Federal Pollinator Health Task Force: EPA’s Role
In June 2014, President Obama issued a memorandum establishing a Pollinator Health Task Force, co-chaired by USDA and EPA, to create a National Pollinator Health Strategy that promotes the health of honey bees and other pollinators (including birds, bats, butterflies, and insects).
- Read the National Pollinator Health Strategy (PDF)(64 pp, 746 K, About PDF)
- Read the Pollinator Research Action Plan (PDF) (92 pp, 685 K, About PDF)
- Read Pollinator-Friendly Best Management Practices for Federal Lands
- Read the Appendices to the National Strategy (PDF)(81 pp, 487 K, About PDF)
The goals of the National Pollinator Health Strategy are to:
- Restore honey bee colony health to sustainable levels by 2025.
- Increase Eastern monarch butterfly populations to 225 million butterflies by year 2020.
- Restore or enhance seven million acres of land for pollinators over the next five years.
In support of the Strategy EPA is taking the following actions to protect pollinators from pesticide exposure:
- Proposed new risk management approach for protecting the monarch butterfly.
- Proposing restrictions on all highly toxic pesticides to prohibit their use on crops under contracted pollinator services.
- Promoting the development of state and tribal pollinator protections plans and best management practices.
- Temporarily halted the approval of new outdoor neonicotinoid pesticide uses until new bee data is submitted and pollinator risk assessments are complete.
- Expediting the re-evaluation of the neonicotinoid family of pesticides, as well as other pesticides, using the harmonized risk assessment process.
- Expediting the review of new Varroa mite control products.
- Implementing a plan for new bee exposure and effect testing priorities.
- Incorporating pollinator protection at EPA Facilities, on epa.gov, and in other EPA programs.

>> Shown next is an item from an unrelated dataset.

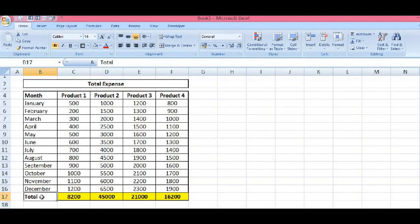In this video, we will learn how to protect specific cells in MS Excel. On this sheet, we have four yellow highlighted cells. These cells have formulas. I want to protect these four cells to avoid any changes by the user.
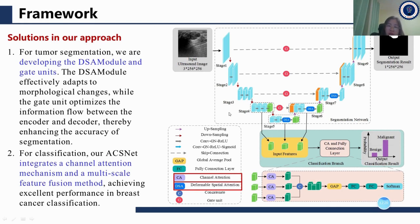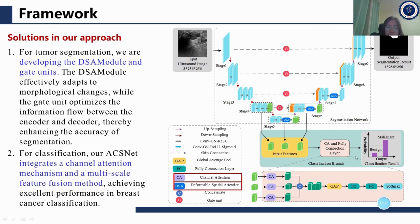Here is our ACS-net framework. For tumor segmentation, we developed the DSA module and the GATE unit. The DSA module effectively adapts to morphological changes, while the GATE unit optimizes information flow between the encoder and decoder, enhancing segmentation accuracy. For classification, our network integrates a channel attention mechanism and a multi-scale feature fusion method, achieving excellent performance in breast cancer classification.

EPA’s Risk Management Approach to Identifying Options for Protecting the Monarch Butterfly, outlines an approach for actions to protect the monarch butterfly. EPA is soliciting public comment on which potential action or a combination of actions would be most effective in reducing the impacts of herbicides on the monarch butterfly and its habitat. The agency is also requesting additional suggestions for protection measures for the monarch.
EPA's Proposal to Protect Bees from Acutely Toxic Pesticides includes:
- New Restrictions to Better Protect Bees from Pesticides - EPA proposed additional restrictions on all highly toxic pesticides, in addition to neonicotinoids, to prohibit foliar application (applying pesticides directly to crop leaves) of pesticides that are highly toxic to bees when crops are in bloom and bees are under contract for pollination services. These restrictions would prohibit application of most insecticides and some herbicides during bloom.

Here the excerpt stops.